_Instructions to follow_
Please repeat, exactly as written, the line containing "浏览型号PIC16LF194" and every line after it through the end of the records below, leaving out any pictures.

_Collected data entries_
──────────────────────────────
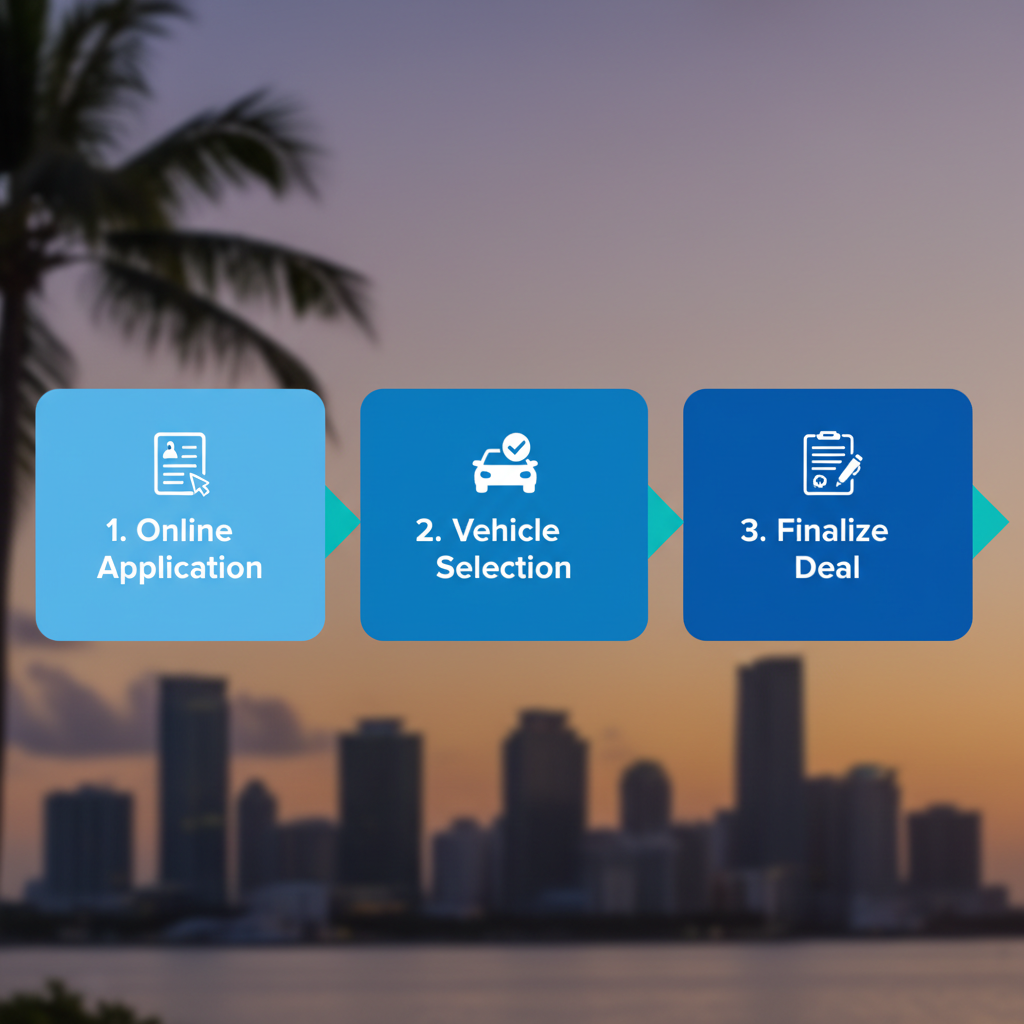 Horizontal process flow diagram showing three steps for low financing on used Hyundai vehicles in Miami: online application, vehicle selection and inspection, and finalizing the deal.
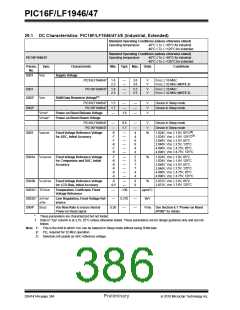 浏览型号PIC16LF1947-E/MR的Datasheet PDF文件第386页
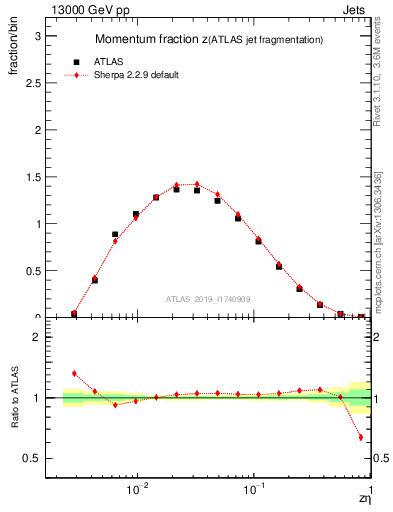 Plot of j.zeta in 13000 GeV pp collisions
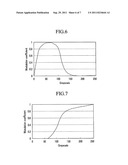 DISPLAY DEVICE, IMAGE SIGNAL CORRECTION SYSTEM, AND IMAGE SIGNAL     CORRECTION METHOD diagram and image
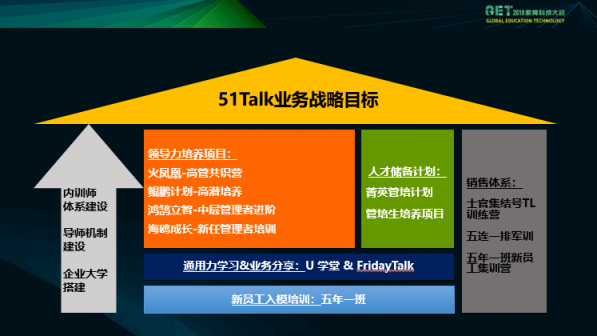 51Talk 人力副總裁王嵋GET大會(huì)剖析在線(xiàn)教育企業(yè)管理之道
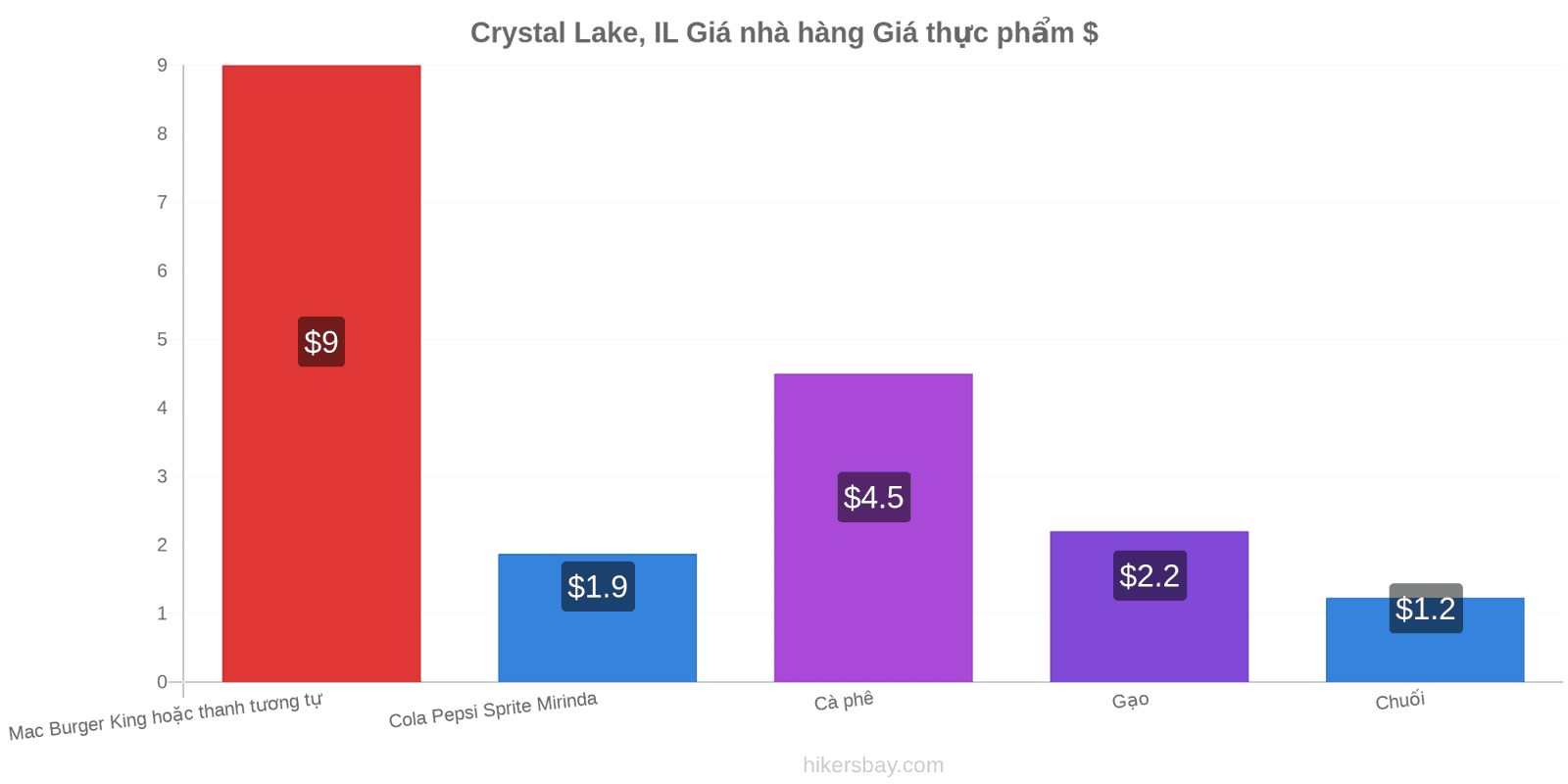 Crystal Lake, IL thay đổi giá cả hikersbay.com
──────────────────────────────
_Written solution_
 浏览型号PIC16LF1947-E/MR的Datasheet PDF文件第386页
 Plot of j.zeta in 13000 GeV pp collisions
 DISPLAY DEVICE, IMAGE SIGNAL CORRECTION SYSTEM, AND IMAGE SIGNAL     CORRECTION METHOD diagram and image
 51Talk 人力副總裁王嵋GET大會(huì)剖析在線(xiàn)教育企業(yè)管理之道
 Crystal Lake, IL thay đổi giá cả hikersbay.com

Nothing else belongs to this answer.